A letter from three members of the U.S. Commission on Civil Rights (USCCR) to the Equal Employment Opportunity Commission (EEOC) suggests a recent hearing held by the EEOC examining arrest and conviction records as a hiring barrier in which some panelists sought to limit – or in some cases eliminate – the ability of employers to perform criminal background checks on job applicants during the hiring process fails to consider recent studies that suggest the use of criminal background checks does not automatically lead to lower hiring rates of minorities, according to the article ‘Will restricting criminal background checks actually increase minority unemployment?’ from The Daily Caller.
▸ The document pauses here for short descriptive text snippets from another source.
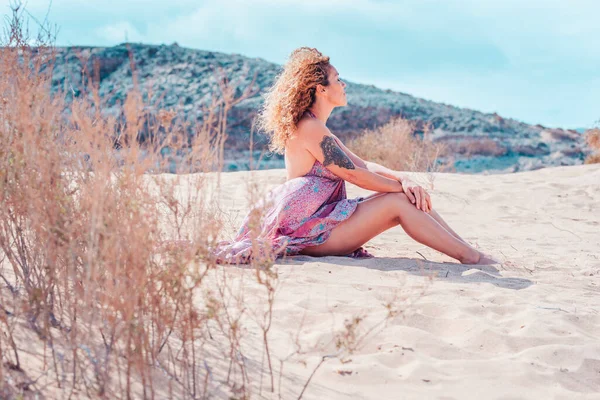 Muito Jovem Mulher Adulta Sentada Praia Areia Desfrutando Sol Verão — Fotografia de Stock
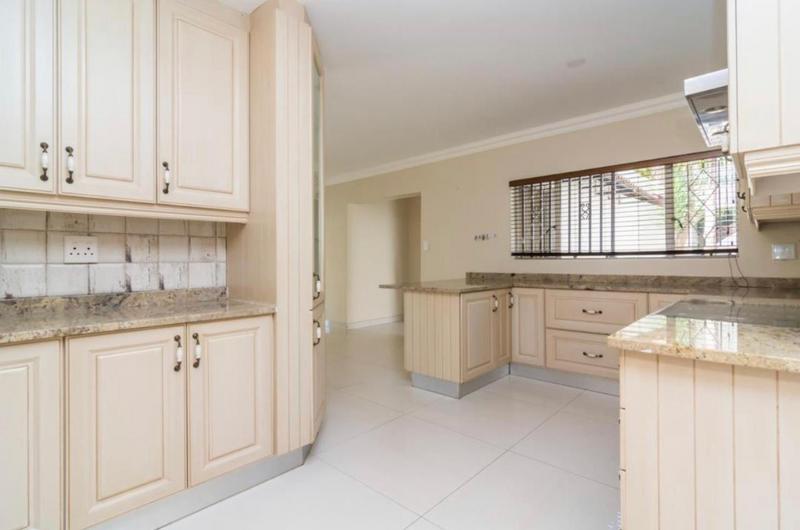 To Let 5 Bedroom Property for Rent in Roodekrans Gauteng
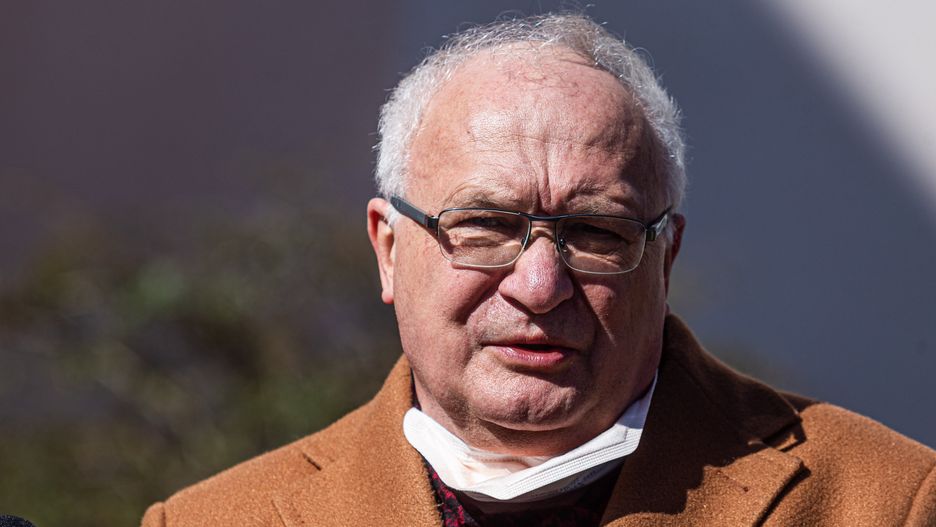 Wrocław. Koronawirus. Profesor Simon apeluje, by w Wielkanoc nie iść do kościoła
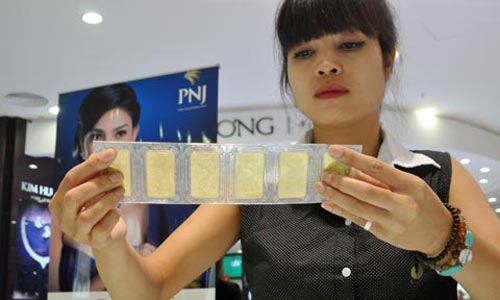 Vàng SJC tiếp tục giảm, xuống đáy 5 tháng 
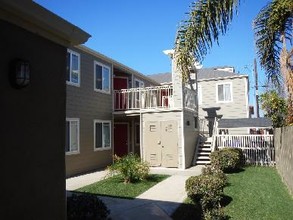 Dubuque Apartments in Oceanside, CA - Building Photo - Building Photo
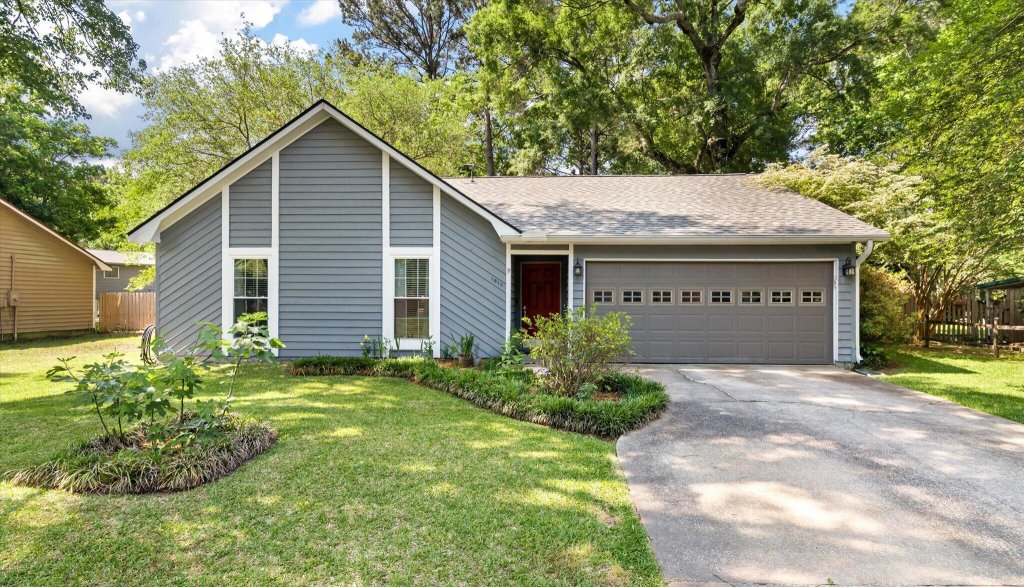 Forest Lakes, Charleston community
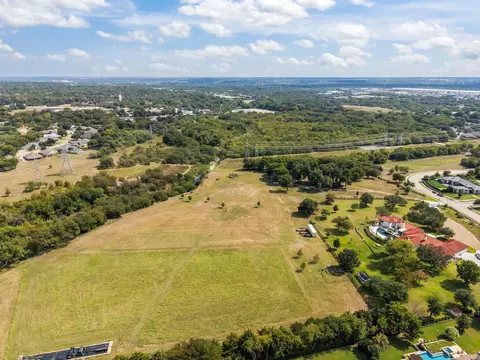 8317 Marys Creek Dr, Benbrook, TX 76116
In their letter to the EEOC, Civil Rights Commissioners Peter Kirsanow, Gail Heriot and Todd Gaziano cited a 2006 research paper – “Perceived Criminality, Criminal Background Checks and the Racial Hiring Practices of Employers” by Harry J. Holzer, Steven Raphael, and Michael Stoll – that analyzed the effect of criminal background checks on the hiring of African Americans and found that employers using criminal background checks were more likely to hire African American workers, especially men, than those without that information. Another study conducted by Stoll – ‘Ex-Offenders, Criminal Background Checks, and Racial Consequences in the Labor Market’ –  found that employers were likely to discriminate using age or race as indicators of past activities in the absence of performing criminal background checks.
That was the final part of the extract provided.